Mesmo para um leitor que desconhece a pessoa do autor, vai verificando, à medida que segue a leitura, que Jairo é bastante influenciado por Augusto dos Anjos. Tal influência não poderia ser diferente e se justifica pelo local de moradia do autor e cidade natal de alguns parentes, Sapé, interior da Paraíba. No entanto, os versos de Jairo não se limitam às características augustianas. A primeira poesia do livro \"O Papel\" homenageia nosso maravilhoso papel, instrumento de adoração e trabalho, no momento do nascimento das ideias, resgatadas pelo “papiro, pássaro albino sem asas”. \"Alforria\" é uma obra-prima tanto métrica quanto semanticamente. A libertação segue o rumo da negação, da possessão dos pronomes possessivos, da indefinição do ser perante os pronomes indefinidos “ninguém”, “alguém”, “qualquer”. Há a busca da própria identidade na confusão de não se ter e ser do outro. O eu lírico quer ser importante para si mesmo, impor-se, mas sem saber o que é “Sou o que sou”. Por fim, sabe o que não é, “Não do poeta”, “Não do sistema”, e se encontra em outras mãos, “Mas do leitor”. O livro de Jairo também tem um certo romantismo. Em \"Lógica do discurso amoroso\" conta o suplício de amar e estar sujeito a vulnerabilidade da paixão. O símbolo predominante é a água, representada pelo rio, pelo gelo e pelas lágrimas, sugerindo a natureza sensível de um apaixonado. \"Perdido no mundo\" é a pura saudade do ser amado, que necessita a presença física, a qual seria a salvação da sua vida.
A desilusão de \"Cotidiano\" é breve quanto ao amor, pelo fim de uma paixão, mas logo se transforma em recomeço “É chegada a hora de reavivar a vida”. Embora aborde o tema mais presente nas canções de amor, o qual atrai interesse na maioria dos leitores, como uma tentativa de sanar suas próprias dores de amor, o sentimento mantém um charme peculiar nos versos do poeta, não é o amor vulgar, pejorativo, é ímpar, singular na sua natureza, mantendo a razão, o juízo e a dignidade. Entrando na área de protestos, \"Greve Branca\" refere-se às várias greves que acometem às universidades públicas do Brasil. É também um marco do período em que foram escritos os poemas, o clima universitário, que elaboração de ideias ainda primárias, terra de efervescência de um espírito poético em formação. \"Saga Nordestina\" dá início à observação da vida sofrida do agreste, desde o nascimento como vindo de um suspiro fraco, sem força de vontade até o crescimento, já adulto continua sem força, sugerido pelos adjetivos “fraco”, “anêmico”, “magro”, “parco”, “murcho”, “escassez”. Essa condição de fraqueza da vida tira logo, ainda moço, a vida deste filho primogênito. Seguindo a veia nordestina, de protesto e confissão, Espera cita os nomes dos guerreiros anônimos “Marias”, “Josés”, “Moisés” e cria uma atmosfera de expectativa “Lá vêm as virgens”, “Lá vêm as viúvas”, “Lá vêm as nuvens”.
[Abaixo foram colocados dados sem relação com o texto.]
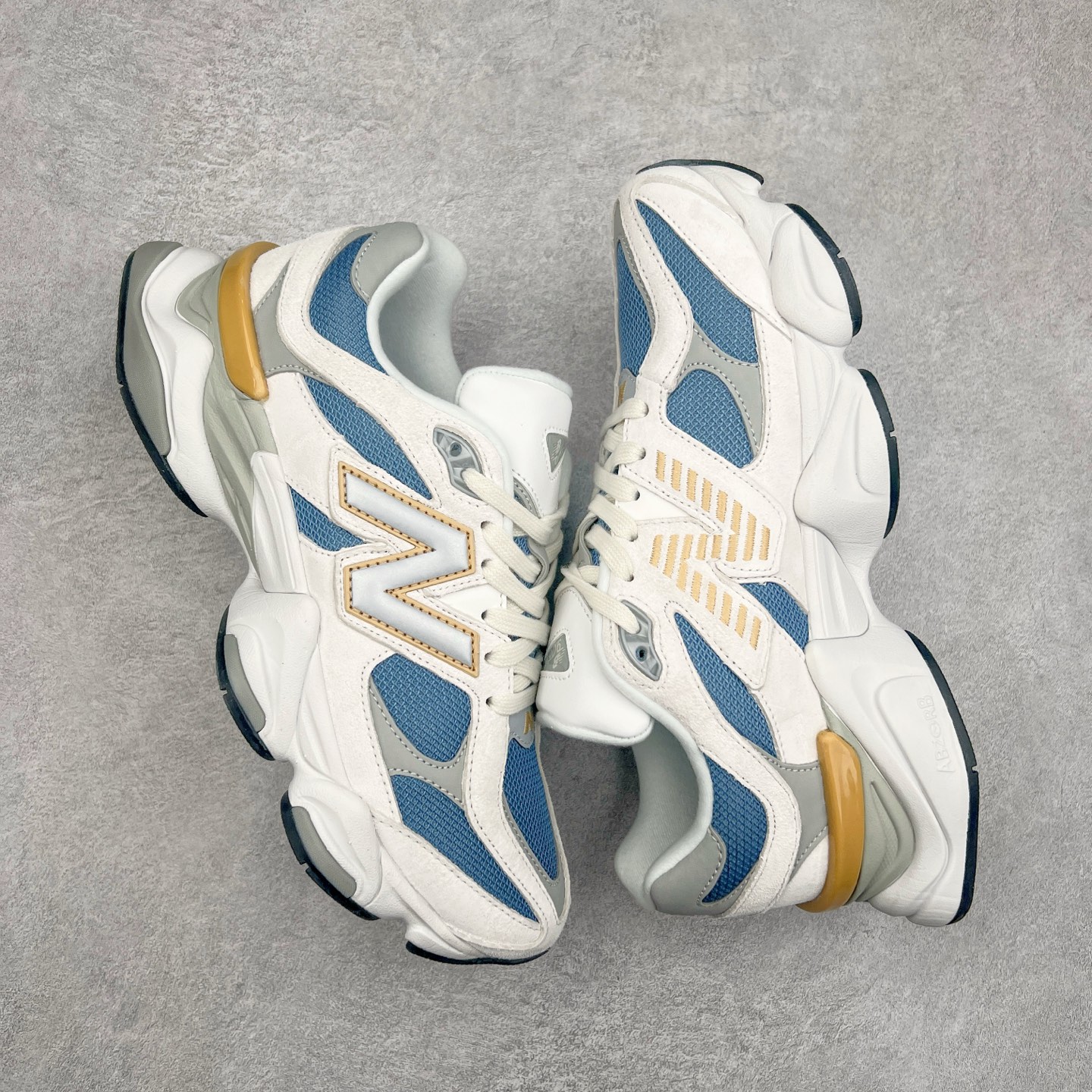 图片[3]-New Balance NB9060 复古运动鞋 新百伦又带来了新鞋型 并且是与芝加哥街头品牌 Joe Freshgoods 的联名款 鞋身主体采用了类似 990 系列的设计风格 与传统复古慢跑鞋区别不大 最大的变化就是鞋底部分 在传统设计的中底外层 增加了多个分区的模块 圆润的线条设计与我们熟悉的 New Balance 风格截然不同 但与同样充满弧形线条的鞋面搭配 看起来毫无违和感 尺码：36-45-选品中心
Mantendo o sentido de protesto, temos no livro \"O operário e a fábrica\", cujo funcionário sabe da sua insignificância, porém a fábrica o mantém enganado por precisar dos seus préstimos como trabalhador. Nos versos “Uma Fábrica que produz um bem que faz / De um fraco um Rei. / Há quem diga que sou importante, / O mais importante de todos.” percebemos a utilização de maiúscula nas palavras fábrica e rei, uma vez que a empresa pararia seus trabalhos se não houvesse seus servis funcionários. No entanto, a fábrica não paga o salário justo, incitando uma greve, que logo é abortada pela consciência de sua importância ao funcionamento. \"Latifúndio\" muda o foco para o dominador, com a palavra “Lavrador” iniciando os versos. Dessa forma, verificamos a preocupação do poeta em manter o protesto, deixar claro para os leitores a verdade encoberta do sertão nordestino, seja pela política, seja pelos velhos coronéis que ainda persistem nesta terra rico em homens valentes, heróicos e batalhadores, mas que ainda se submetem aos desmandos dos seus chefes.
\"Meu mundo\" volta o olhar para o passado, enaltecendo as riquezas da terra, o algodão e o mel, porém também mostra a destruição dos engenhos, das usinas. “Meu mundo estação” é o verso que compara a efemeridade e a mobilidade da vida à passagem do trem pelas estações, em vagões, embora tenha deixado a lembrança do passado. Jairo não alerta para um problema apenas local, do sertão nordestino, mas para uma chaga que mancha todo o território brasileiro, que, sob o sistema capitalista, dá poder a poucos para a escravidão de muitos, utilizados pelo trabalho pesado, humilhante, tendo de continuar presos àquela condição e perdendo a identidade de cidadão, com direitos humanos que vão se enfraquecendo, dia após dia. A dureza da vida no campo é presença marcante nos versos. Traz a secura da terra e a grande necessidade desse povo de manter-se vivo a duras penas. Certamente são cenas que povoam a vida deste poeta que é frágil fisicamente, porém forte de espírito, o verdadeiro guerreiro do Nordeste Brasileiro, como atesta o poema “Engenho”, trazendo o aspecto confessional do local de origem do poeta.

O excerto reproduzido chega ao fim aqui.